Book Review: Past Doctor Adventures – Players by Terrance Dicks
Players is a Past Doctor Adventure by Terrance Dicks that features the Sixth Doctor as played by Colin Baker, and Peri, his first companion, is in many ways a Doctor Who continuity nut’s wet dream. In one sense, it is the predecessor to the series five episode “Victory of the Daleks.” In “Victory,” Winston Churchill shows previous experience with the Doctor, and this novel features their first several meetings.
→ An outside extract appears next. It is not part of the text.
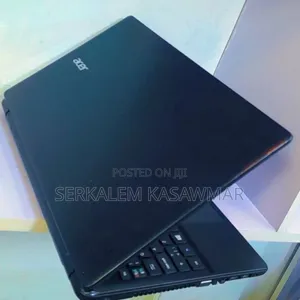 Photo - New Laptop Acer Aspire 5 8GB AMD A4 SSD 128GB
Being that the episode is written by Mark Gatiss, who has written many audio plays and tie-in novels himself, it is perfectly reasonable to think Gatiss wrote “Victory of the Daleks” with the continuity established in Players under some consideration.
Another storyline in the novel causes it to serve somewhat as a sequel to Dicks and Malcolm Hulke’s epic season six serial “The War Games,” featuring the Second and later Sixth Doctors meeting Lieutenant Jeremy Carstairs and ambulance nurse Lady Jennifer after having their memories wiped and being returned to their own time following the events of “The War Games.” To make things even more fanboyish, the novel places the Second Doctor cameo storyline firmly in Season 6B. Being that the novel is written by Terrance Dicks, long time writer of the classic series and script editor for the brilliant Jon Pertwee era, this novel is really as close to surefire canon as can be.
Despite never having written an episode during Colin Baker’s era as the Doctor, Dicks perfectly encapsulated the Sixth Doctor in the novel. His characterization overall is excellent, especially if you can just allow yourself to accept that being an English writer, Dicks doesn’t have anything bad to say about Winston Churchill. Reading about the future’s of Lady Jennifer and Lt. Carstairs, whose personalities are re-captured perfectly, is probably my favorite part of the novel.
Dicks’ prose is nothing extraordinary, but something I can overlook. The biggest issue with the novel is the plot: it just doesn’t really go anywhere. I was so engrossed in the fanboy continuity references that it wasn’t until about page 150 or so that I realized that the story had gone nowhere. The villains are barely present, and aside from a few minor action sequences, the entire flow of the story is practically non-existent. It ends up being just a generic Doctor-goes-to-war romp, with not a lot else to say.
The Doctor Who fan in me still enjoyed Players for all its continuity goodness, but the reader of fine literature in me has to say that this is kind of crap. Big Doctor Who fans will find something to enjoy here, but I couldn’t recommend this to a casual fan.